Stored data »
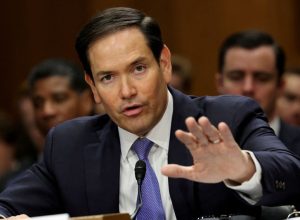 Secretário de Estado dos EUA, Marco Rubio  • 20/05/2025REUTERS/Jonathan Ernst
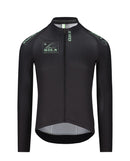 Q36.5 薄長袖車衣Gregarius Hybrid Light Retrofuture LS Jersey Black 男款 黑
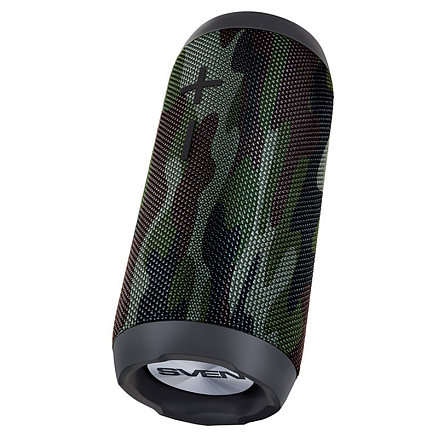 Портативная колонка Sven PS-210 с защитой от воды, FM-радио, USB и поддержкой MicroSD карт камуфляж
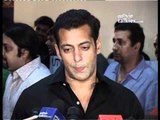 Salman Khan at the  Premiere of 'Chillar Party'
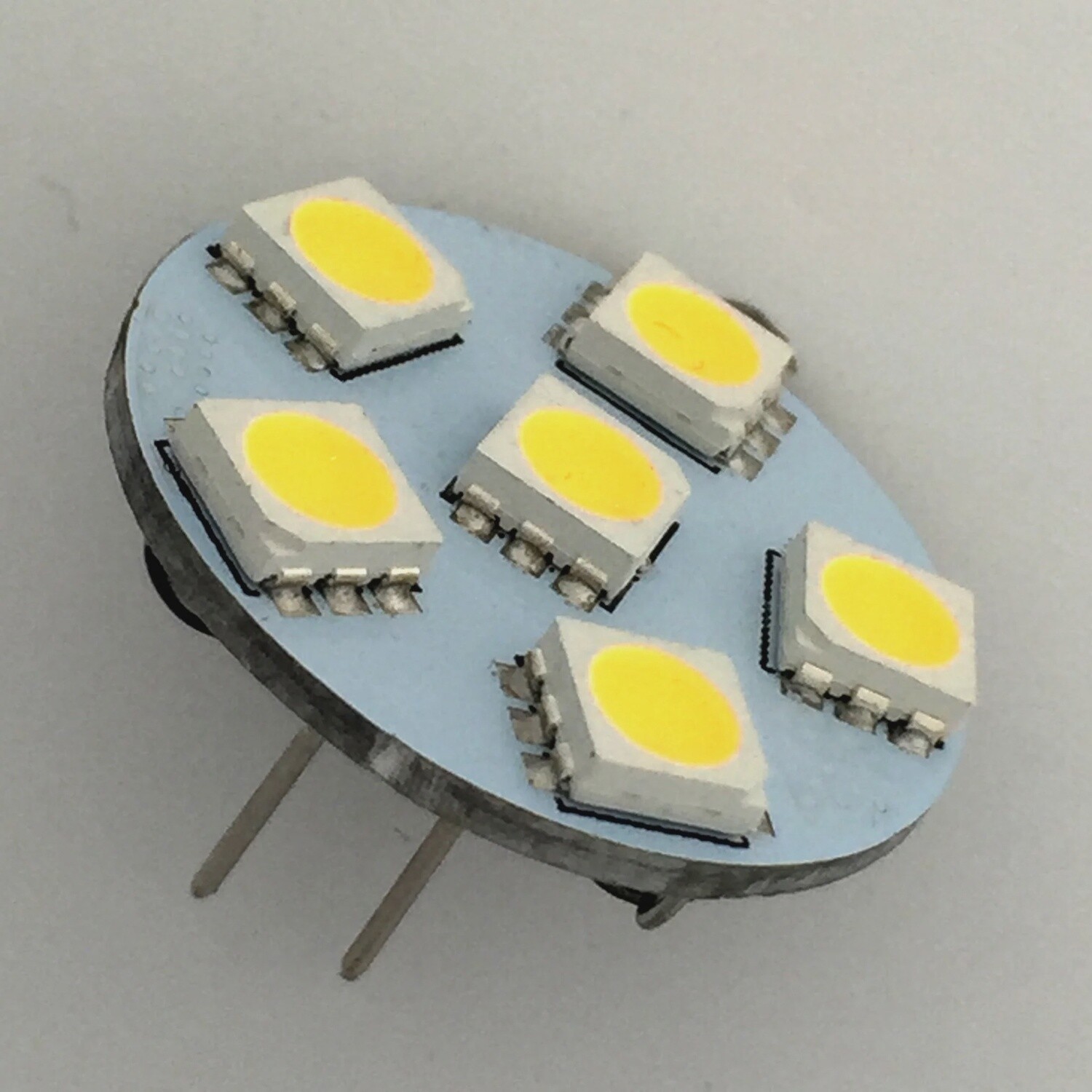 G4 Back Pin Warm White LED Bulb - 10-30V - 130 Lumens
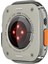 Apple Watch Ultra 2 49 mm Koruyucu Saat Kılıfı Kapağı - Gri Metal Kasa (Yurt Dışından) 3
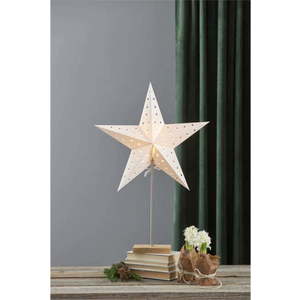 Bílá světelná dekorace Star Trading Star, výška 65 cm obraz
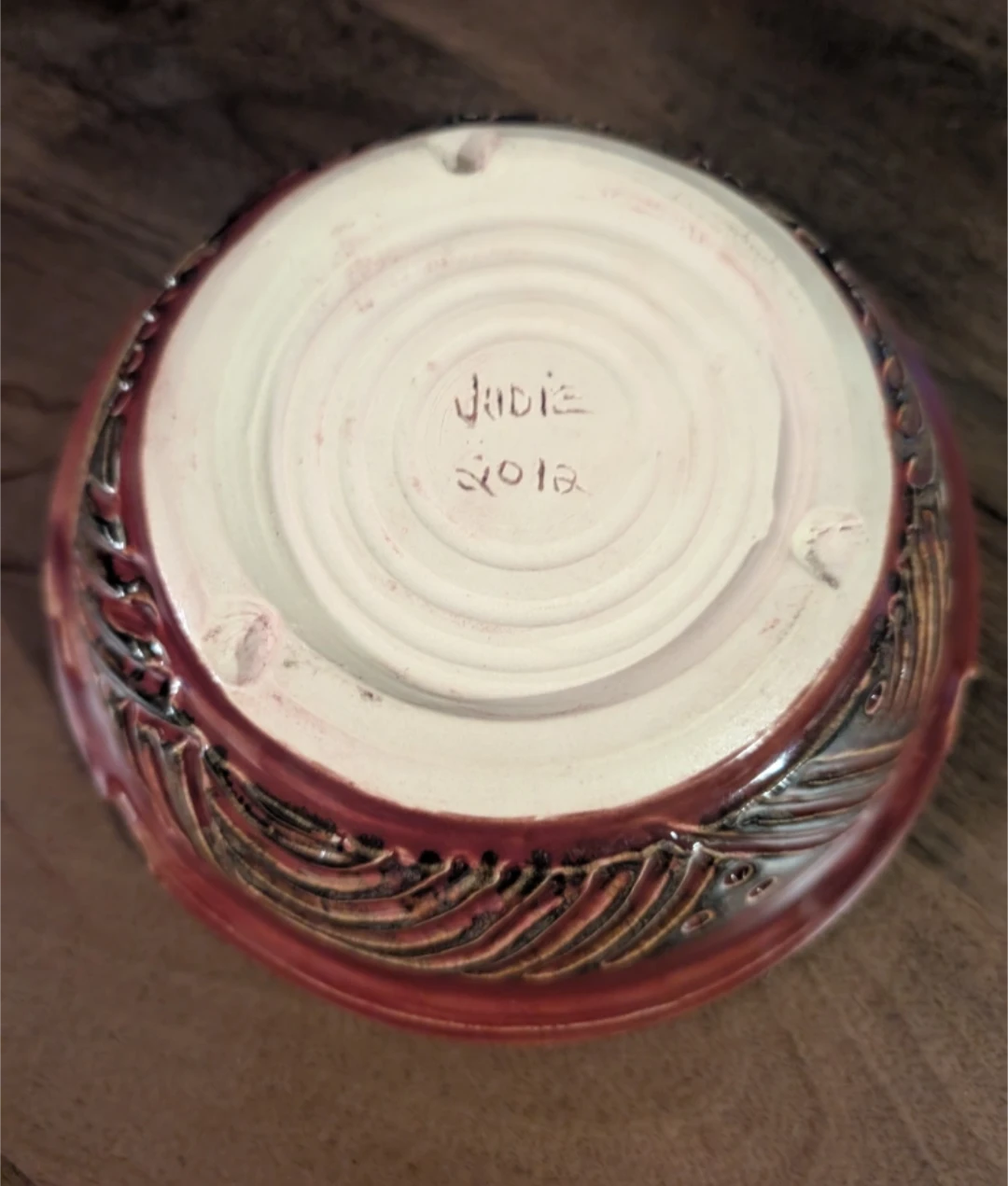 Handmade Ceramic Bowl - photo 4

Task requirements » Extract precisely the lines beginning at the line containing "Salman Khan at" and ending at the last line of the entries above, exactly as written and with no pictures.

Exercise output »
 Salman Khan at the  Premiere of 'Chillar Party'
 G4 Back Pin Warm White LED Bulb - 10-30V - 130 Lumens
 Apple Watch Ultra 2 49 mm Koruyucu Saat Kılıfı Kapağı - Gri Metal Kasa (Yurt Dışından) 3
 Bílá světelná dekorace Star Trading Star, výška 65 cm obraz
 Handmade Ceramic Bowl - photo 4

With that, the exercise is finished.